The gig is a guaranteed 250 people with a usual overflow of no more than 300 total. We have some contacts that are helping with beverages and desserts. I have a number we are using for miscellanous expenses. for example wood, charcoal, condiments (sauce included here) plates, napkins . My number here is about $350

I have my meat estimate which I was told by my friend who is my butcher will go up a little by july. We are just under a grand for that. Btw buying in bulk from sam's is probably the way we are going . $1.51 / lb for packer briskets and 1.18 per lb for butts. Chicken or turk I need to find a better avenue. Chicken is cheap so we might very well be cooking 100 or so breasts. I would like to do whole friars but with all the rest of the meat. It will be easier to do breasts even though they are more per lb.

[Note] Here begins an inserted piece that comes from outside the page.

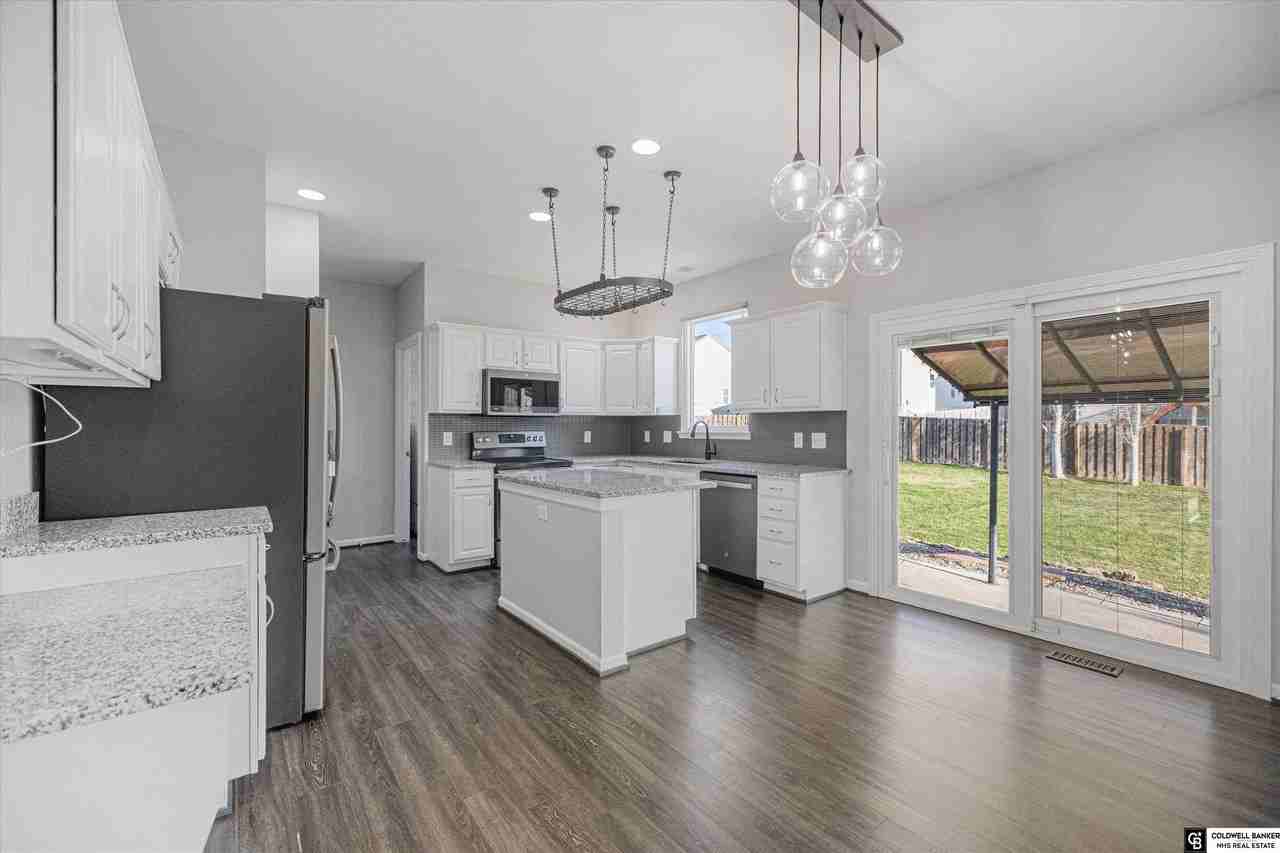 16226 Cary St - Photo 5 of 33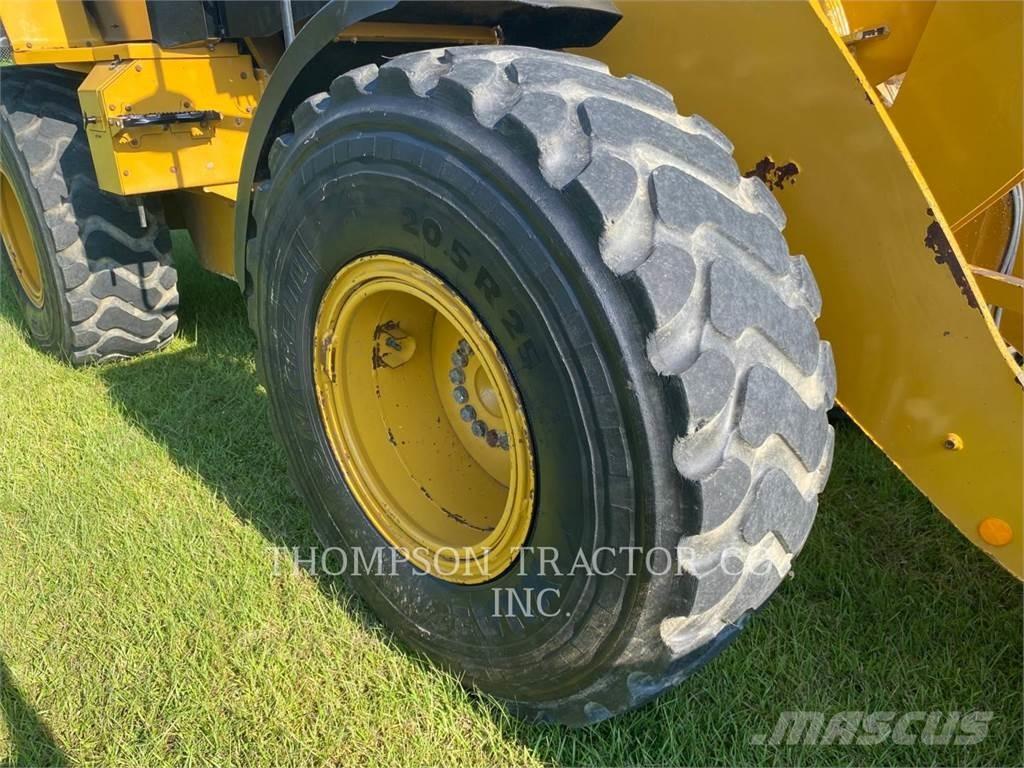 CAT 926M Kolesové nakladače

Have you checked with Mountainview? They'll deliver for that kind of quantity.

Partyshack BBQ
04-25-2009, 12:54 PM
Yeah I was going to check them out. I see them at Donnie's about every other day (Buffalo BBQ)

SmokyOkie
04-25-2009, 04:06 PM
Best links you can get, both hot and mild. Their garlic bologna is to die for.

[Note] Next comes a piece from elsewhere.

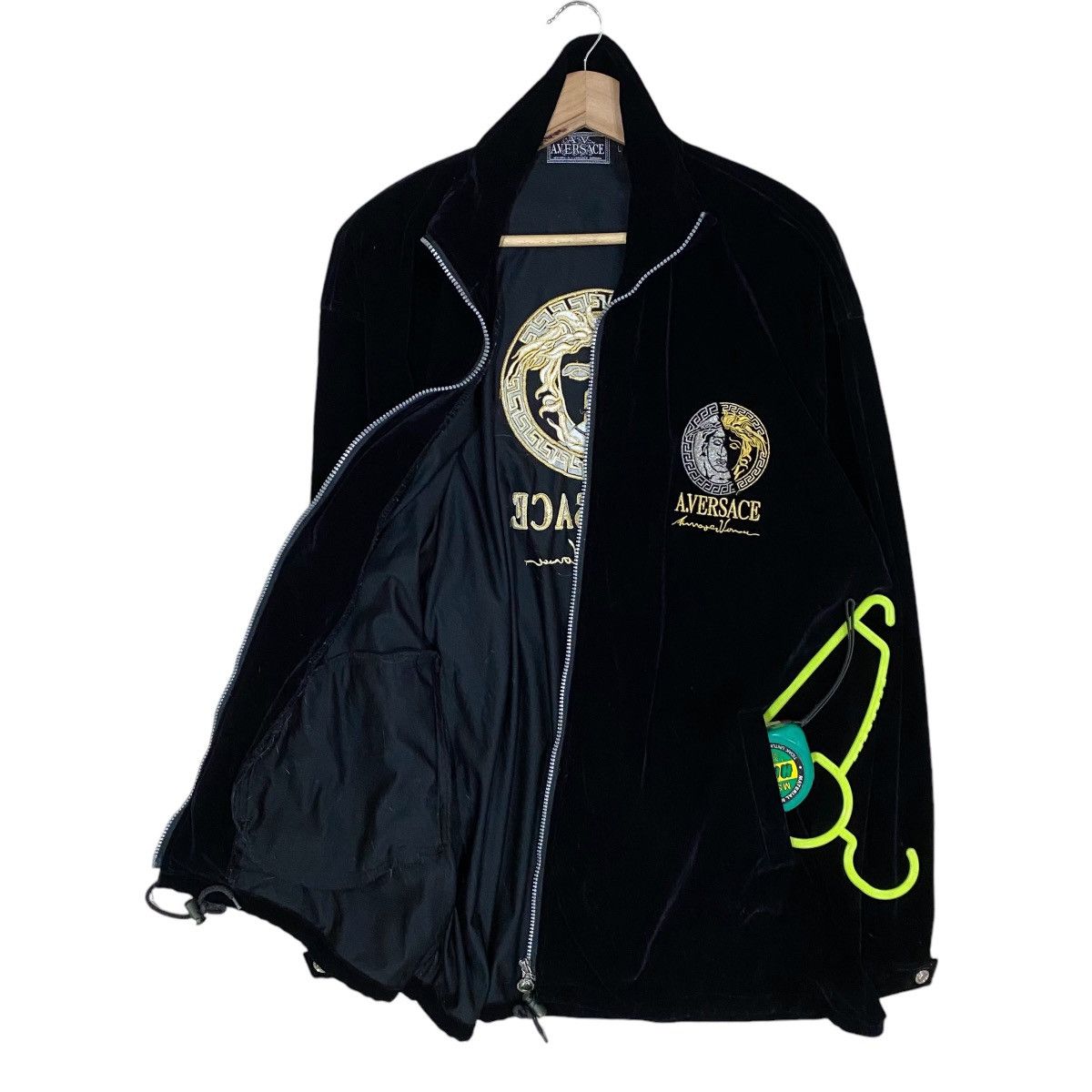 Designer × Velvet 🔥VINTAGE A.VERSACE MEDUSA BIG LOGO VELVET JACKET Size US L / EU 52-54 / 3 - 1 Thumbnail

Donnie uses their hot links.

Partyshack BBQ
04-26-2009, 10:06 PM
yeah the next time I see the delivery truck, which i'm sure will be monday am. It will be easy since my buddy's daylight d nuts is where he has his trailer. I just have to get out instead of going through the drive thru

SmokyOkie
04-26-2009, 10:14 PM
Be better if you just call them.

Partyshack BBQ
04-27-2009, 12:13 PM
Be better if you just call them.

I agree but I want to see the meat and I have to talk to Donny about some stuff.